Ada’da meydana gelen 1931
Rum isyanlarından sonra Ankara’ya gelen ve kurulacak olan mukavemet hareketi
için yardım isteyen bir
Kıbrıs Türk heyetine Atatürk’ün o günlerin zor ekonomik
koşulları altında büyük destek ve maddi yardımda bulunması, Kıbrıs’a verdiği bu
anlamlı düşüncenin önemli göstergesidir.
Kıbrıs’ın Türkiye Cumhuriyeti için büyük stratejik önemi,
Yüce Atatürk tarafından göz önünde bulundurulmuştur.
Bu bakımdan Atatürk döneminde o günlerin tüm imkansızlıklarına,
maddi sorunlarına ve ulaşım zorluklarına karşın geliştirilen kültürel ve
sportif ilişkilerle Kıbrıs Türkleri arasında milli bilinç güçlü tutulmuştur. Bu
güçlü destek “Bir gün
Türkiye gelecek bizi kurtaracak” umut gücüne güç
katıyordu.
Kıbrıslı Türk gençlerinin eğitimi için özel burslar
verilmiş, Türk basınına dahi örtülü ödenekten destek sağlanmıştır. Onca önemli dünya
ülkesi öncelik taşırken, yeni Türkiye’nin o yokluk ve fakirlik günlerinde,
Kıbrıs’ta derhal konsolosluk açılmıştır. Sonra ne oldu?
1 Nisan 1955’de kurulan ve Kıbrıs’ın Yunanistan’a
ilhakından başka maksadı olmayan EOKA tedhiş örgütünün yemini “Önce İngilizler
Ada’dan sürülecek, sonra Türkler temizlenecek” şeklinde idi.
Bu tarihten 1974 Mutlu Barış Harekatına kadar Kıbrıs Türk’ ünün Vahşi Batı
desteğindeki Rum Yunan ikilisi ile kan ve göz yaşı arasında şehitler vere vere boğuşması
bizlere, “Kuzey Kıbrıs
Türk Cumhuriyeti ’ni (KKTC) teslim etmiştir.
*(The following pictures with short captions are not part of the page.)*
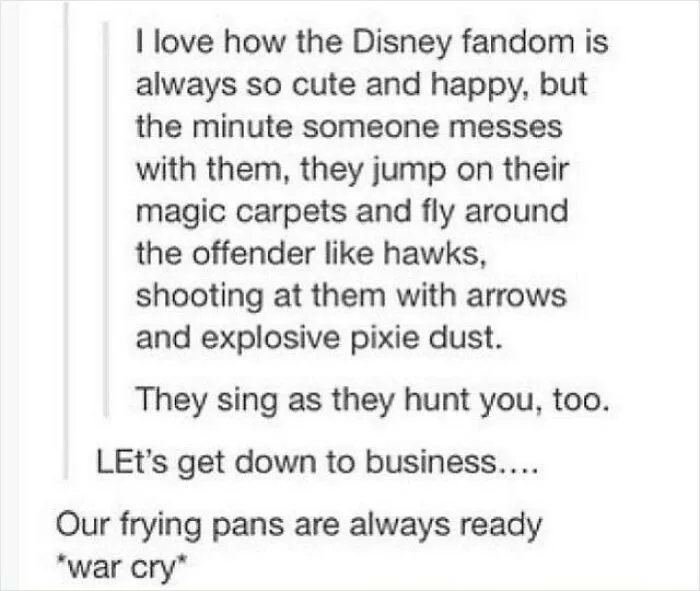 30 Posts Summing Up The Reality Of ‘Disney Adults’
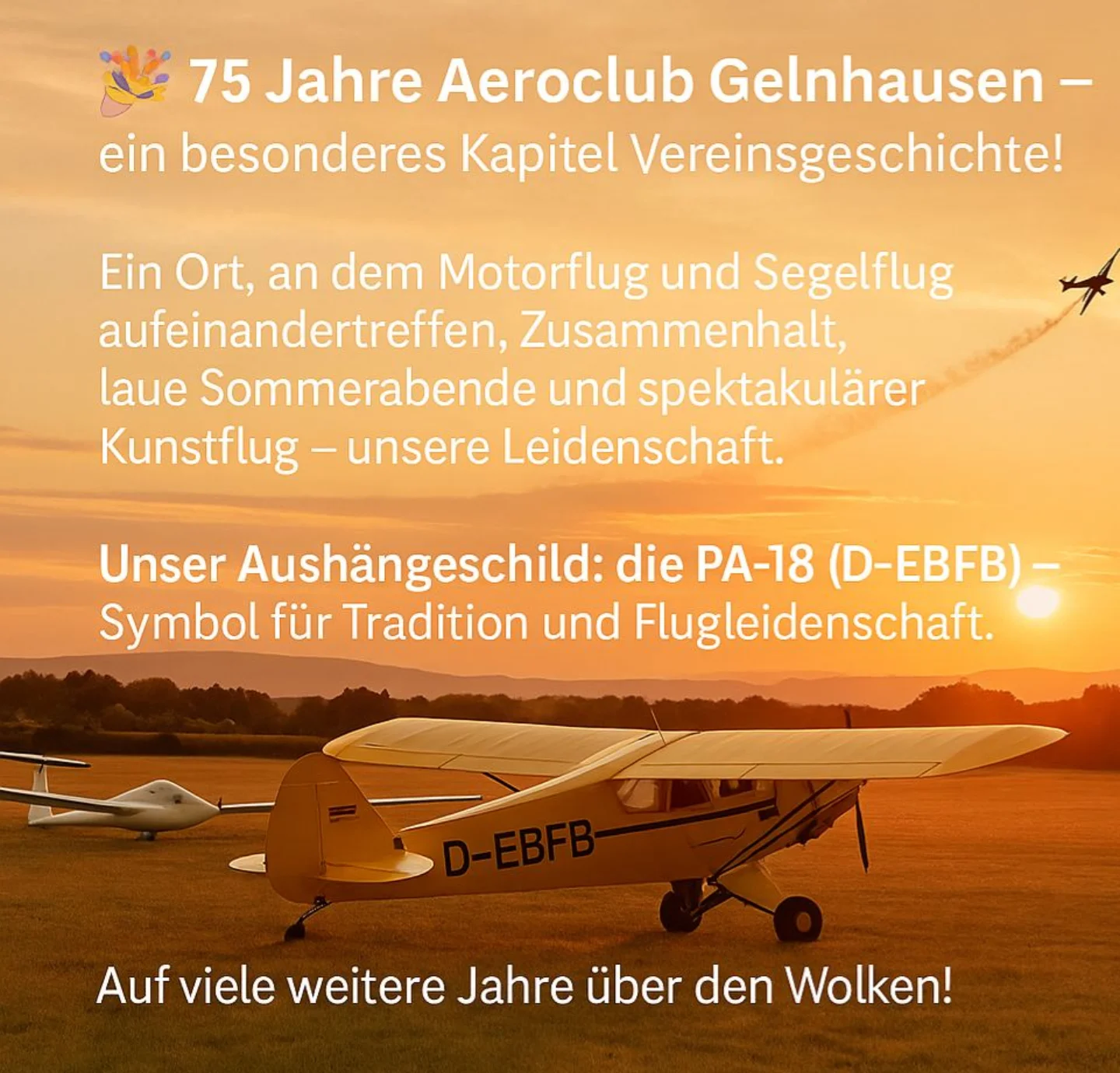 Aeroclub Gelnhausen EDFG | Gelnhausen
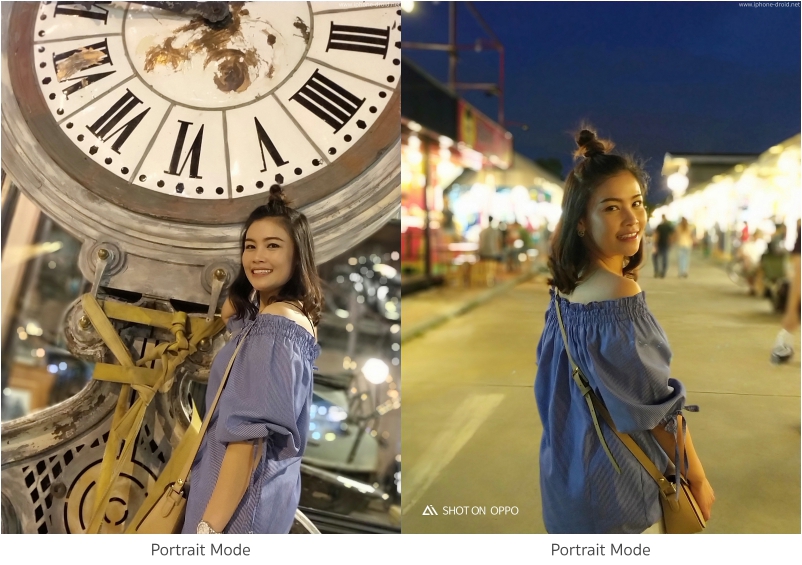 OPPO R15 Pro Night Shot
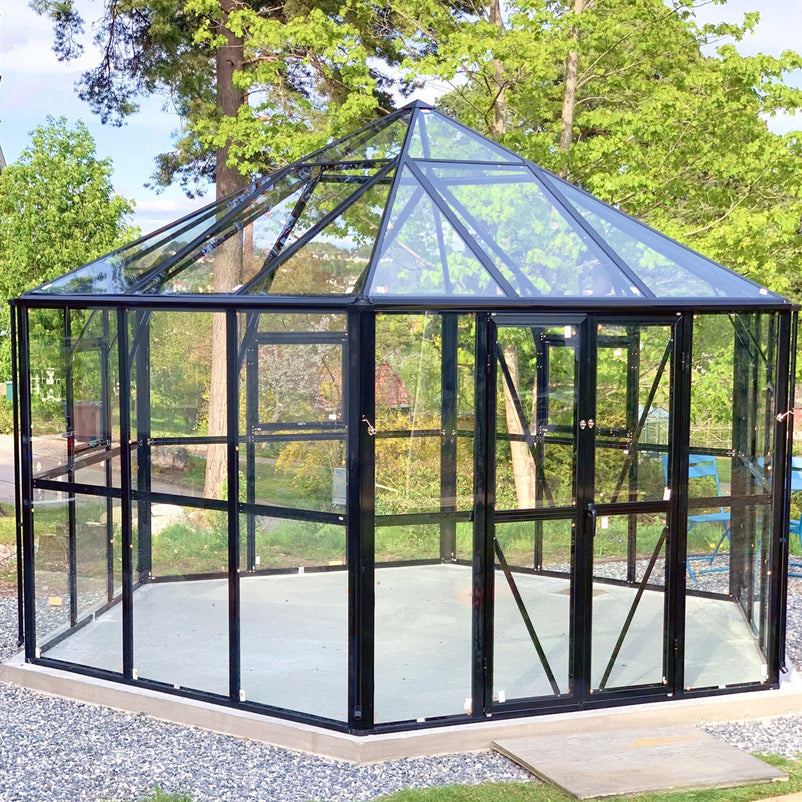 MODI Oranjerie, 381x439cm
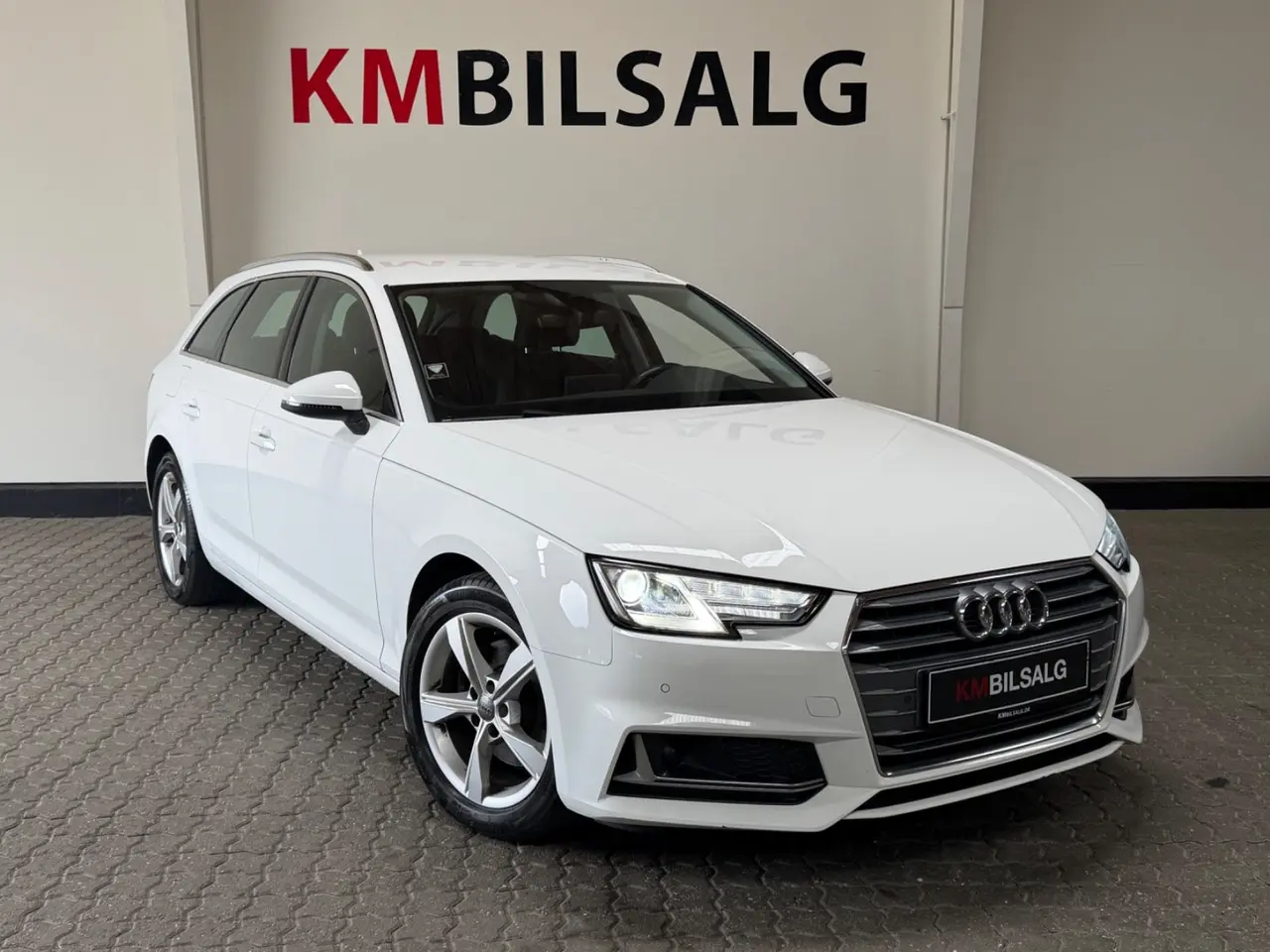 Billede 1 - Audi A4 40 TFSi Prestige Tour Avant S-tr.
Ey Kıbrıs Türk İstikbalinin
evladı, sakın ha!..
Müzmin Kıbrıs Meselesini çözdüm diyebilmek için, sürdürülen
Kıbrıs Müzakerelerini dikkate alma… Memleketine sahip çık… Erdoğan hükümeti
düştüğü bataklıktan önce kendini kurtarsın. Sana, şehit, kan ve gözyaşı ile
teslim edilen KKTC senin evindir. Gölge etmesinler, başka ihsan istemez…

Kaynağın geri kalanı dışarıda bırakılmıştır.